NVIDIA Integrates Speculative Decoding into NeMo RL, Boosting Rollout Speed by 1.8x at 8B Scale

AI
May 2, 2026 · 1:29 PM
NVIDIA Integrates Speculative Decoding into NeMo RL, Boosting Rollout Speed by 1.8x at 8B Scale

NVIDIA researchers have integrated speculative decoding directly into the NeMo RL training framework, achieving a 1.8× speedup in rollout generation for 8-billion-parameter models and projecting up to 2.5× end-to-end speedup for models as large as 235 billion parameters. The technique, now available in NeMo RL v0.6.0, accelerates reinforcement learning post-training without altering the target model's output distribution.

Rollout generation—where the model produces sample outputs for reward evaluation—constitutes 65–72% of total step time in RL training. By employing a smaller draft model to propose multiple tokens at once and using the target model to verify them via rejection sampling, speculative decoding maintains mathematical equivalence with autoregressive generation. This ensures no off-policy corrections or fidelity trade-offs.
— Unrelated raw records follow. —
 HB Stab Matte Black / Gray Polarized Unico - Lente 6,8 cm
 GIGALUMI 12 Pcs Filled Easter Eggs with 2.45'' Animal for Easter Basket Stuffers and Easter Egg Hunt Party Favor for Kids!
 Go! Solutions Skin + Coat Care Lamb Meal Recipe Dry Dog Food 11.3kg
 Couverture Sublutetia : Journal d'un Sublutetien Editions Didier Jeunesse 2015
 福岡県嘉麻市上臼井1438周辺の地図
In tests with Qwen3-8B under RL-Think (continuing training) and RL-Zero (learning from scratch), rollout generation emerged as the dominant bottleneck. The new method directly targets this stage, with log-probability recomputation and policy optimization occupying only 27–33% of step time. NeMo RL v0.6.0 also includes support for the SGLang backend, the Muon optimizer, and YaRN long-context training.

The research, detailed in a preprint on arXiv, demonstrates that speculative decoding offers a lossless acceleration mechanism for RL post-training, promising significant efficiency gains for large-scale model alignment tasks.